Determining the domain of a function is an essential aspect of understanding how the function behaves and what inputs it can accept. To find the domain, we need to identify the set of all possible input values, often represented by the variable \(x\), for which the function produces a valid output. For rational expressions, the domain is influenced by the denominator, as it cannot be zero.

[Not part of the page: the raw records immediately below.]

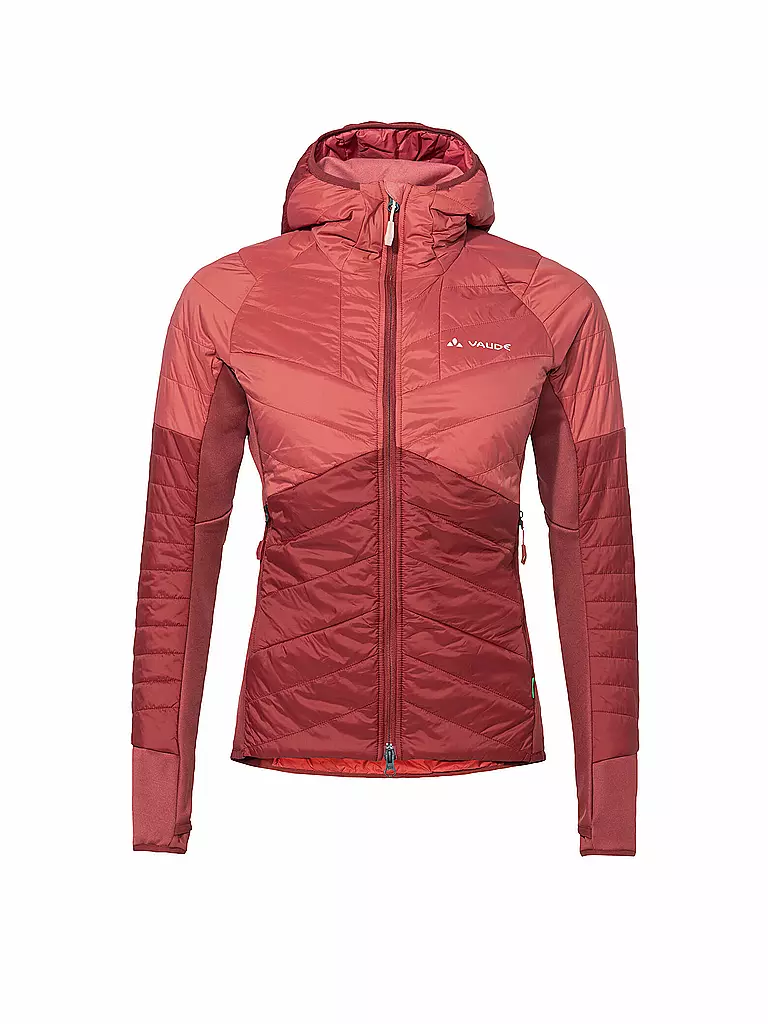 VAUDE | Damen Isojacke Sesvenna Hoodie | dunkelrot
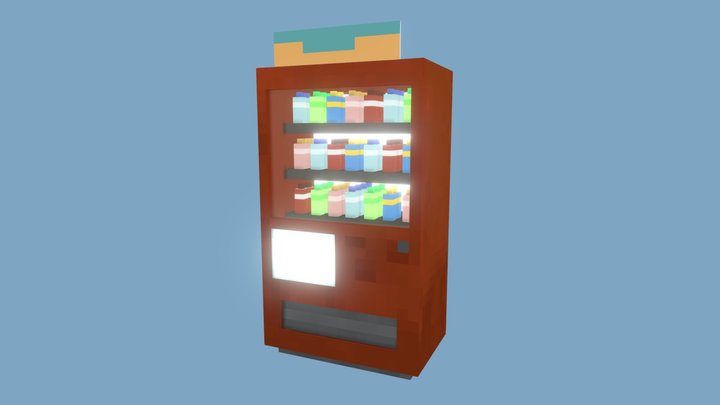 Voxel-Vending Machine 3D Model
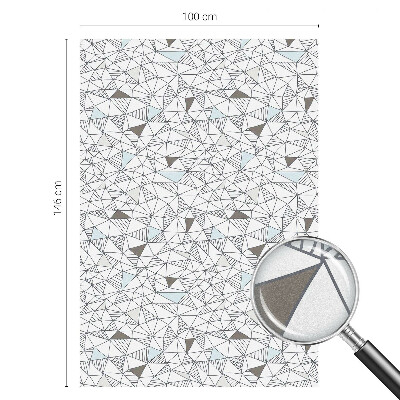 Nepermatoma plėvelė langams Abstrakčios formos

Generally, the domain of a function excludes values that result in mathematical impossibilities, such as division by zero. In our specific case, the function is \(-\frac{8}{x^2 + 1}\). The domain will be all real numbers because the expression in the denominator, \(x^2 + 1\), will never equal zero for any real \(x\).

To summarize:

• The domain is the set of acceptable values for \(x\).
• For rational expressions, ensure the denominator is not zero.
• For \(-\frac{8}{x^2 + 1}\), the domain is all real numbers because \(x^2 + 1\) is always positive for real \(x\).

The denominator is the part of a fraction that appears below the fraction line, and in a division operation, it represents the divisor. In rational expressions, the denominator plays a critical role, specifically in defining the function's domain.

In our example \(-\frac{8}{x^2 + 1}\), the denominator is \(x^2 + 1\).The characteristics of the denominator, such as never being able to become zero for real numbers, ensure that our rational expression is defined across all real numbers. This happens because:

• \(x^2\) is non-negative for all real \(x\).
• Adding 1 to \(x^2\) results in a positive denominator for all real \(x\).

Thus, the denominator not only affects the domain but also the behavior of the function since it ensures that the expression is free from undefined points due to zero division.

Division by zero is a mathematical impossibility, as it doesn't produce a finite or useful result. When a denominator of a fraction equals zero, the expression becomes undefined.

In the realm of rational expressions like \(-\frac{8}{x^2 + 1}\), avoiding division by zero is crucial. Setting the denominator to zero and solving for \(x\) helps identify any values excluded from the domain. However, since \(x^2 + 1\) never equals zero (due to \(x^2\) being always non-negative), there are no such values in this case.

Remember:

• Division by zero results in an undefined expression.
• Always check the denominator for values of \(x\) that might cause zero division.
• For \(-\frac{8}{x^2 + 1}\), division by zero is never a concern for real \(x\).

Keeping these points in mind ensures we avoid undefined scenarios when working with rational expressions.